• **THE TASK**: Since the copy must hold text only, transcribe the data below exactly and omit the images.

+++ SUPPLIED DATA +++

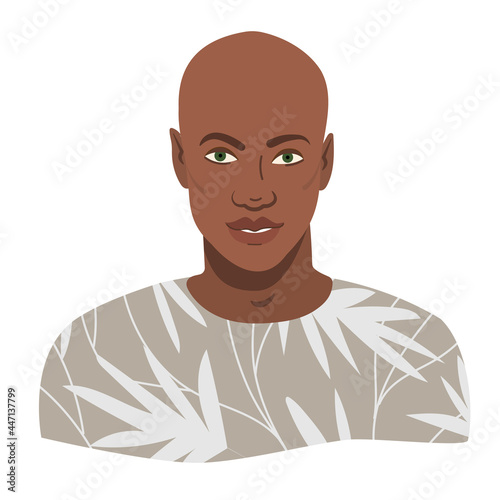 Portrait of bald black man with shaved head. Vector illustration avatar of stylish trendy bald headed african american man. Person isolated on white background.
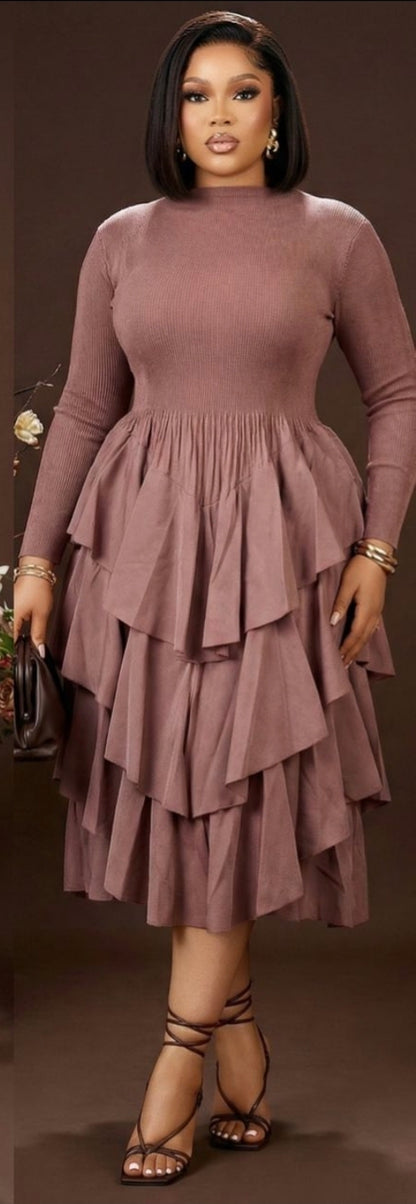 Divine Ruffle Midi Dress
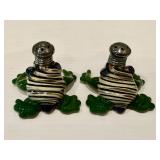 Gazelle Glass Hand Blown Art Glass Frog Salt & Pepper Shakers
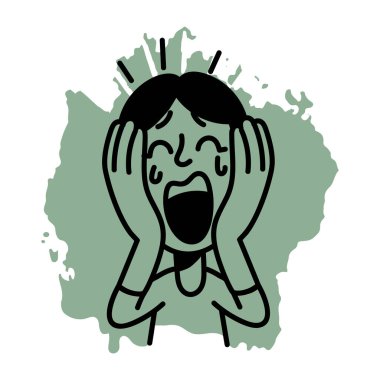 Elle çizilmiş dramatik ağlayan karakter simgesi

+++

• **RESULT OF THIS TASK**:
 Portrait of bald black man with shaved head. Vector illustration avatar of stylish trendy bald headed african american man. Person isolated on white background.
 Divine Ruffle Midi Dress
 Gazelle Glass Hand Blown Art Glass Frog Salt & Pepper Shakers
 Elle çizilmiş dramatik ağlayan karakter simgesi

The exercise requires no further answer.